Shep and Glynis have a couple who are close friends, Carol and Jackson. Jackson cannot keep his lid shut, and he basically is angry at everyone, and believes that everyone is out there to get him. He has complaints against the government, against the taxes, and so forth.
So, without telling much about the story, I can however vouch for the fact that there are quite a few interesting characters in this book. That's fine, since most people are interesting anyway. However, soon enough this book goes over the top. How?

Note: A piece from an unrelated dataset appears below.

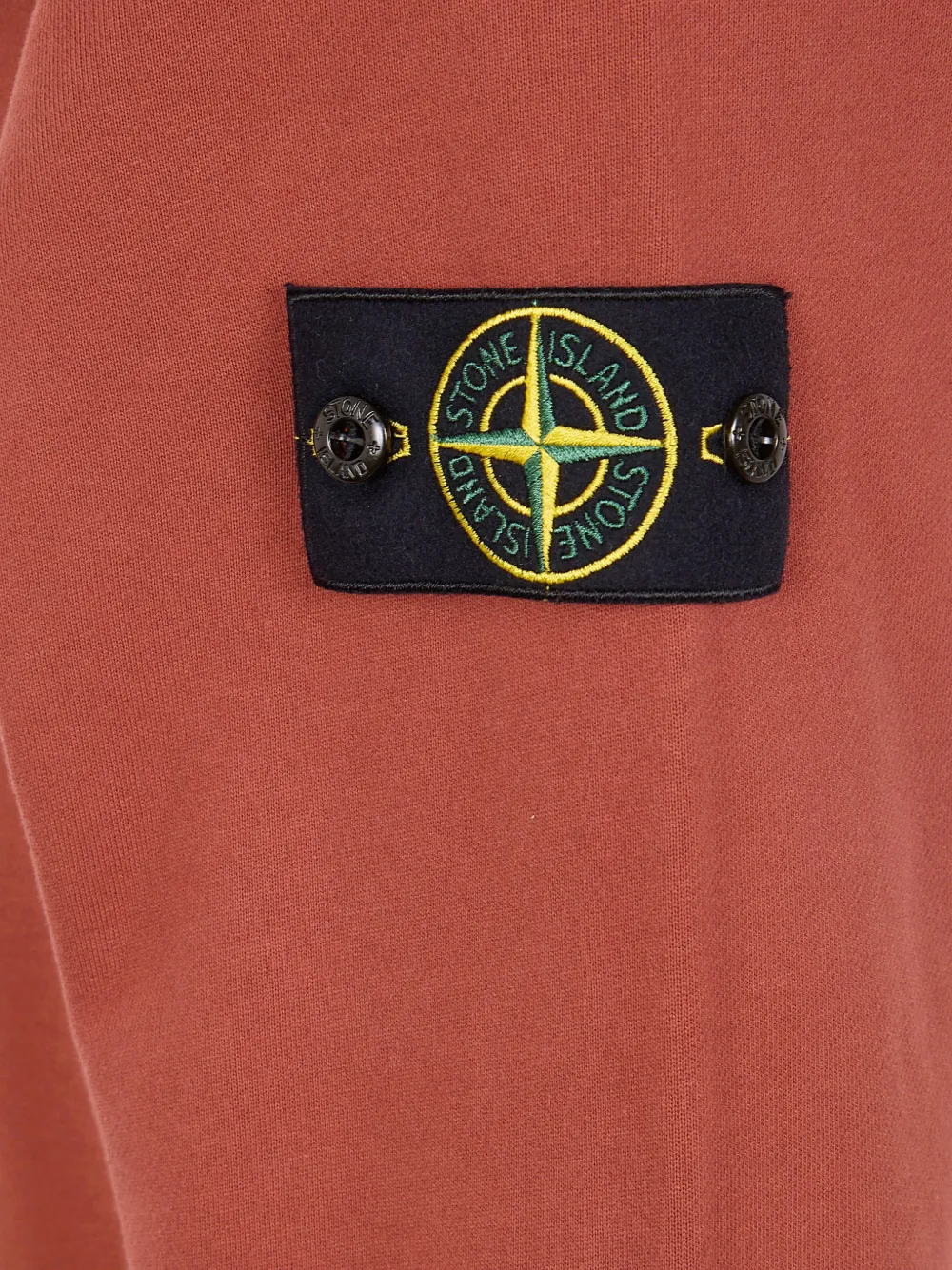  Stone Island Long-sleeve Logo-patch Sweatshirt - Red 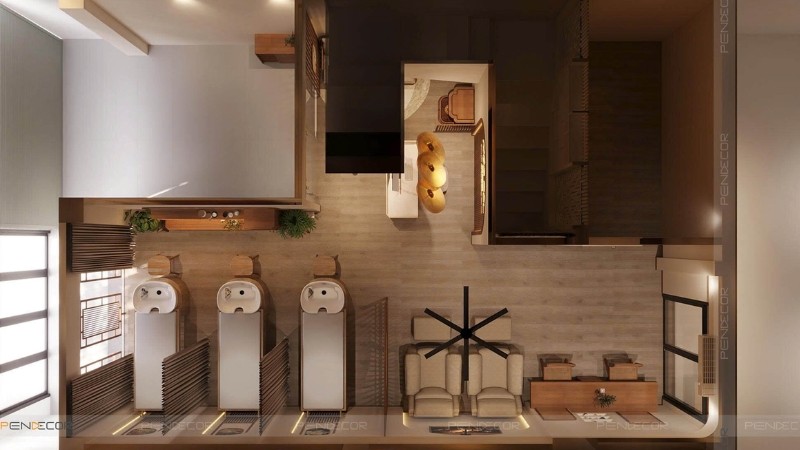 Thiết kế spa mini tại nhà có quy trình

Well, this book is basically about how the health care in this country sucks. Shep is forced to keep that shitty job because that's the only way he can get insurance for his wife. And not only Glynis has a health problem, but everyone has a health problem. Glynis has cancer, Shep's father Gabe is demented, Jackson and Carol's daughter Flicka has familial dysautonomia, and Jackson decides to get a penis enlargement surgery, but backfires and results in an infection. In the end, everyone seems to have a medical problem, and no character in the book is "normal". Thus, reading the book, especially from the latter half, gave me the thought of thinking "enough already, I see the point, the health care system sucks".
Actually I was surprised that it took 356 pages of the book before someone died: I am not telling who though (there's a total of 4 people who will die in this novel, and this is the first). I felt like I wanted to end the novel a couple of hundred pages ahead, because things were just getting too pathetic, that it was so unbelievable already. I also wanted to shoot the incidental relatives and their good-for-nothing attitudes. Beryl was so self-centered, and so was Glynis' sisters and mother.
Anyway, I guess what I didn't like most about the book was its ending: ever heard of deus ex machina? Well, out of nowhere, things get solved. Voila! They have resources again! Granted, all of the problems were solved, but given the time frame and magnitude, that if the book were a full day, everything else before the conclusion took about 23 hours and 50 minutes, and the conclusion took just about 10 minutes. It was short, abrupt, and rather unbelievably convenient.
In short, I don't like this book too much. I have to admit, I learned a lot about cancer and medical care from this book. But at the same time, it irritated me. Perhaps it is a good thing that I was able to be stirred by this book and become irritated, but it's just a book that screams activism to me, instead of fiction. If it were something about religion, I would totally consider this as an allegory or a fable. But somehow, allegories about health care don't exist yet.
I give this book 2.5 out of 5 stars.